Using the listing below, set down exactly the lines starting at the line that contains "Our students have" and ending at the line that contains "Giám đốc Học", both included, and no others.
--- SOURCE DATA Enclosed Below ---
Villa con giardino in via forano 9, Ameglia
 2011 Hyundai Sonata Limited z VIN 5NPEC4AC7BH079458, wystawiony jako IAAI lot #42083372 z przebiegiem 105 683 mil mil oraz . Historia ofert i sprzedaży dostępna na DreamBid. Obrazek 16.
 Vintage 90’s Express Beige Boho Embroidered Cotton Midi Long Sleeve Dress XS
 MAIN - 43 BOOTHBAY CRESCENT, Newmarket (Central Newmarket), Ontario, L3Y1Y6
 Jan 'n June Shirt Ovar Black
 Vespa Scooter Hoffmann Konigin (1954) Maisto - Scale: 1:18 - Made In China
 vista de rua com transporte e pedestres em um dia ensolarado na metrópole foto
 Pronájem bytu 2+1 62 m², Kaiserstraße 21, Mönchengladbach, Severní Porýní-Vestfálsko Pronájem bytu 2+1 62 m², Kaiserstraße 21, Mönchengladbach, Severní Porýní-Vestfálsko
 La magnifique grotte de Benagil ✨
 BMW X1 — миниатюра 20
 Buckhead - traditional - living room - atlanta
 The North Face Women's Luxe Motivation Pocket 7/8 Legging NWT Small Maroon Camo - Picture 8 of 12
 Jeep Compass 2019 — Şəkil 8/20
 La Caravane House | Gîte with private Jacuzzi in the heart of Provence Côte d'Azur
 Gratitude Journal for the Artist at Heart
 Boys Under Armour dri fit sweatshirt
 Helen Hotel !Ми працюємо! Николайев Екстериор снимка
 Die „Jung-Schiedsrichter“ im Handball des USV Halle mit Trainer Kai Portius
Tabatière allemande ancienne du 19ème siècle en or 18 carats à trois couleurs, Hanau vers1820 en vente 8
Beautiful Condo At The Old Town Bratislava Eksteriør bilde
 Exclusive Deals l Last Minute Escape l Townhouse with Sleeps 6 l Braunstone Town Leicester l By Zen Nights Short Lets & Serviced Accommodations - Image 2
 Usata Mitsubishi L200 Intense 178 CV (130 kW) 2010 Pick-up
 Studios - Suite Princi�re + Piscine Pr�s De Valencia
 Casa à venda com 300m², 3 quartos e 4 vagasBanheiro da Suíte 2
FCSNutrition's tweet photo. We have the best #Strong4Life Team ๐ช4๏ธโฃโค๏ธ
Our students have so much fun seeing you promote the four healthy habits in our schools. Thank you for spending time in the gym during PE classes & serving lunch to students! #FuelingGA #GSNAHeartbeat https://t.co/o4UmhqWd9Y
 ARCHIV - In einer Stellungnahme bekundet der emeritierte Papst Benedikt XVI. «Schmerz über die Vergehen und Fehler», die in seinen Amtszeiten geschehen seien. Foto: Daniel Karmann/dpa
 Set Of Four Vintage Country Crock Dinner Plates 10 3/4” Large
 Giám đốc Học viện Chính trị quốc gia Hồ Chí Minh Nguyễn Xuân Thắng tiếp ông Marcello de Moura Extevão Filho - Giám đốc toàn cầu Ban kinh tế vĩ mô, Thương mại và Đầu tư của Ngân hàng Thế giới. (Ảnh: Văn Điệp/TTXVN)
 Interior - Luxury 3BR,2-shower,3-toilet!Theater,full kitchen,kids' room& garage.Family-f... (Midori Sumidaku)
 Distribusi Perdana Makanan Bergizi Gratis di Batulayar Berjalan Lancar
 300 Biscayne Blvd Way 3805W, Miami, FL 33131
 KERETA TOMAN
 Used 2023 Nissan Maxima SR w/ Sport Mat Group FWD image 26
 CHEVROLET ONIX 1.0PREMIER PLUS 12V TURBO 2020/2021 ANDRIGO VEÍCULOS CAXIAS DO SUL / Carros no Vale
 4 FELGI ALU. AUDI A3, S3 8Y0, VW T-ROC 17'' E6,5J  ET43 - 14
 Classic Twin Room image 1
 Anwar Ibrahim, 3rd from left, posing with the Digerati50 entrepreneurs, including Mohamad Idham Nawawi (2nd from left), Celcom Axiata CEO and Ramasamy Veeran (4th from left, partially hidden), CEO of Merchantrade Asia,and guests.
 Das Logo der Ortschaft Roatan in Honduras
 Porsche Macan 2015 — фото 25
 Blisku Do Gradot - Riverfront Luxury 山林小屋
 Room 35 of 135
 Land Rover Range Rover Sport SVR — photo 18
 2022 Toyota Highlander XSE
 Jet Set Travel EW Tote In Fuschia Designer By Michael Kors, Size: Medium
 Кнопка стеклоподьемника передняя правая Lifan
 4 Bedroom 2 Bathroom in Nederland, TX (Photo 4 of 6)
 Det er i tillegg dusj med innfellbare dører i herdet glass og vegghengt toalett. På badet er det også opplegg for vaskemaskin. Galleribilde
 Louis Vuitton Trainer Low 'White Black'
--- End of Enclosed SOURCE DATA ---
#### [RESPONSE AREA]
Our students have so much fun seeing you promote the four healthy habits in our schools. Thank you for spending time in the gym during PE classes & serving lunch to students! #FuelingGA #GSNAHeartbeat https://t.co/o4UmhqWd9Y
 ARCHIV - In einer Stellungnahme bekundet der emeritierte Papst Benedikt XVI. «Schmerz über die Vergehen und Fehler», die in seinen Amtszeiten geschehen seien. Foto: Daniel Karmann/dpa
 Set Of Four Vintage Country Crock Dinner Plates 10 3/4” Large
 Giám đốc Học viện Chính trị quốc gia Hồ Chí Minh Nguyễn Xuân Thắng tiếp ông Marcello de Moura Extevão Filho - Giám đốc toàn cầu Ban kinh tế vĩ mô, Thương mại và Đầu tư của Ngân hàng Thế giới. (Ảnh: Văn Điệp/TTXVN)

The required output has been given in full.